**Records for processing:**
════════
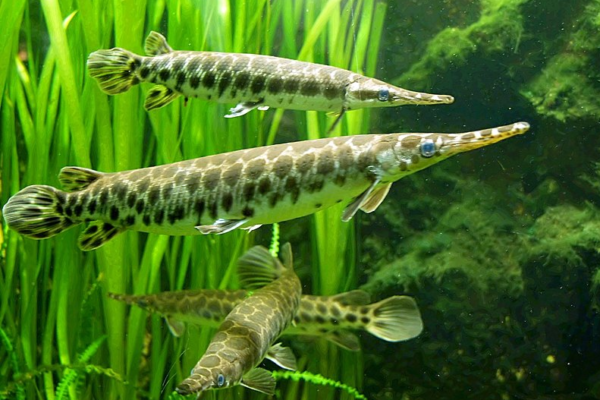 Misteri Kegagahan Ikan Alligator: Panduan Lengkap Memelihara Pemangsa Air Tawar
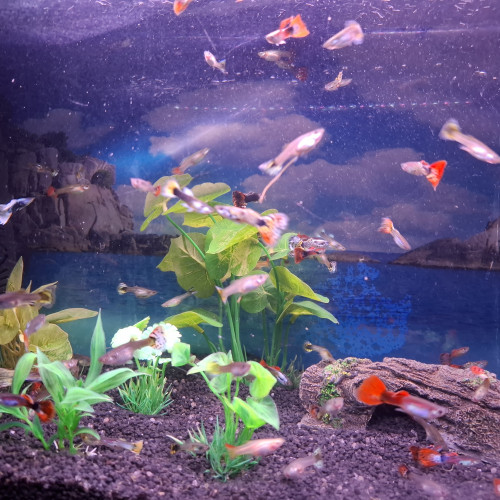 Vente de Guppy male et femelle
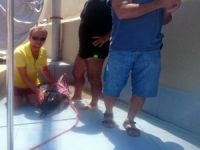 Kuşadası'nda sahile vuran yavru yunusa zamanında müdahale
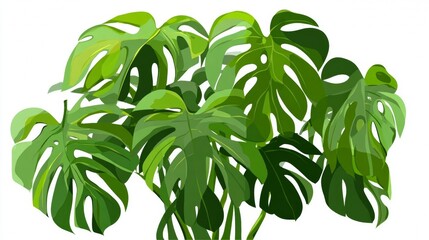 Obraz premium A fresh, green leaf isolated on a white background captures the natural growth of a summer plant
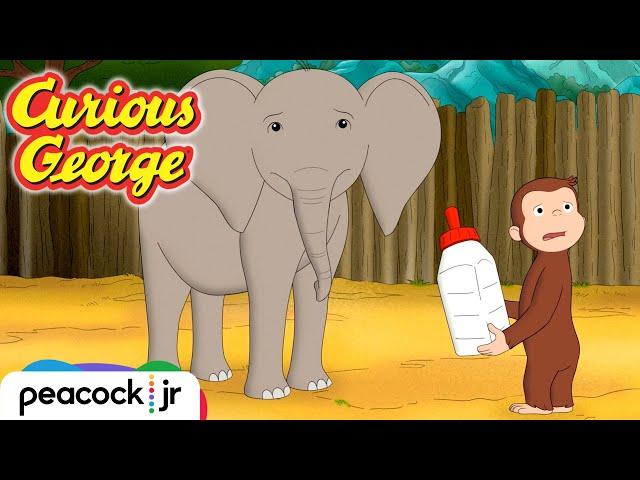  Befriending a Baby Elephant | CURIOUS GEORGE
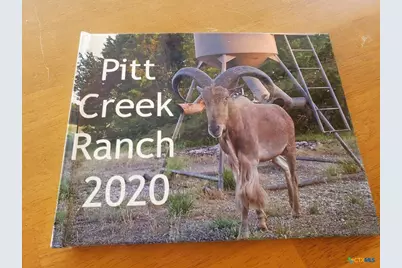 Lot 4 Cr 1255 Pitt Creek Ranch, Lampasas, TX 76550 - Photo 1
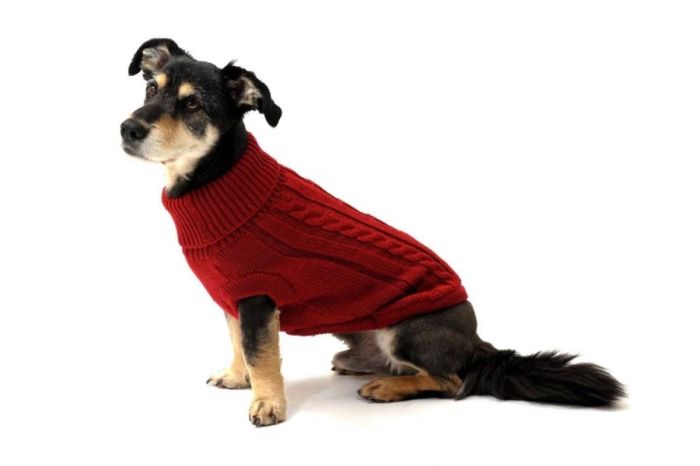В'язаний светр для собаки Wolters Cable Knit з візерунком коси 35 см Червоний
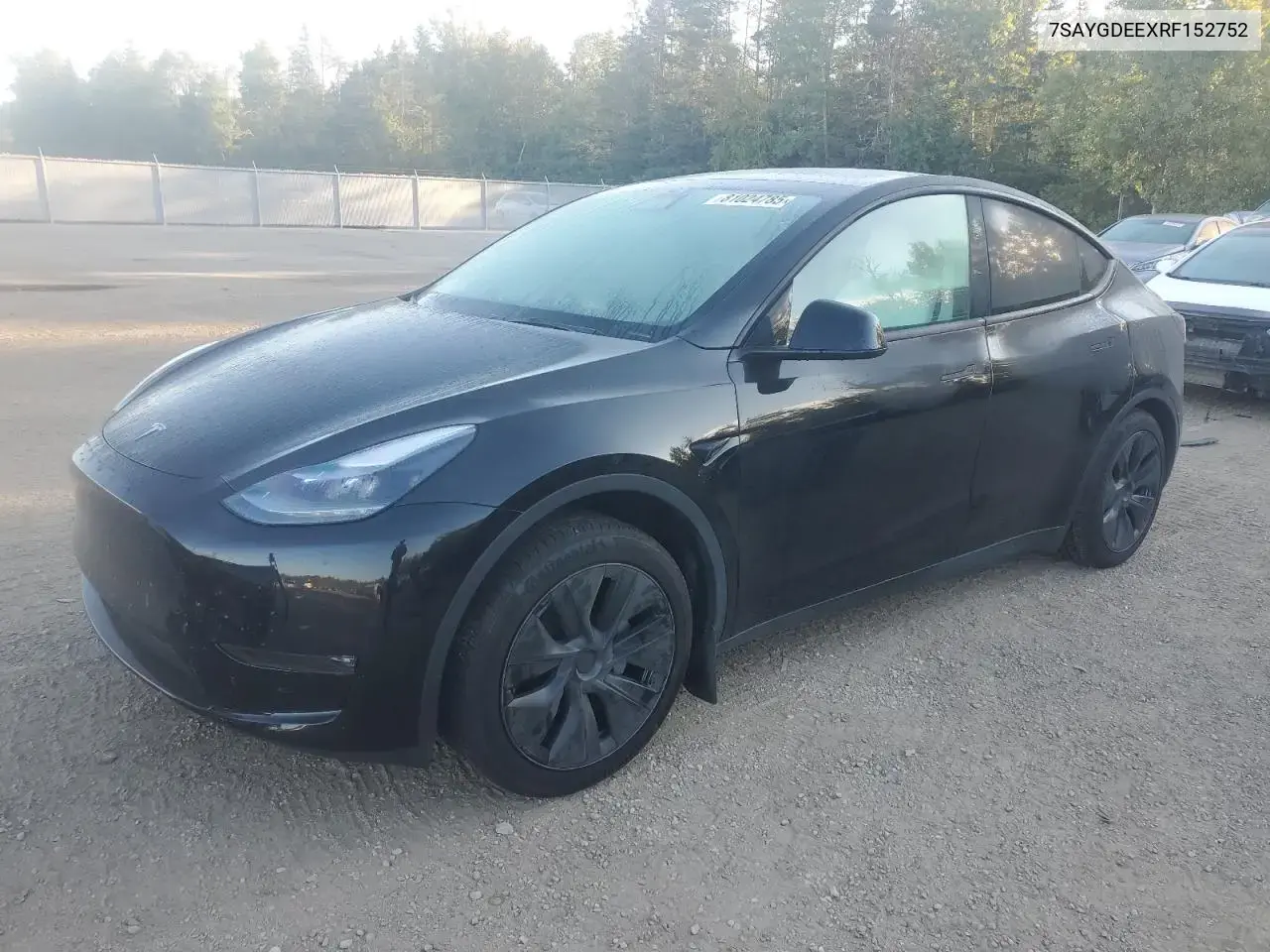 Tesla Model Y 2024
════════
**Directions:** Write out the entries above verbatim; the pictures do not belong in your copy.

**Result for this task:**
 Misteri Kegagahan Ikan Alligator: Panduan Lengkap Memelihara Pemangsa Air Tawar
 Vente de Guppy male et femelle
 Kuşadası'nda sahile vuran yavru yunusa zamanında müdahale
 Obraz premium A fresh, green leaf isolated on a white background captures the natural growth of a summer plant
  Befriending a Baby Elephant | CURIOUS GEORGE
 Lot 4 Cr 1255 Pitt Creek Ranch, Lampasas, TX 76550 - Photo 1
В'язаний светр для собаки Wolters Cable Knit з візерунком коси 35 см Червоний
 Tesla Model Y 2024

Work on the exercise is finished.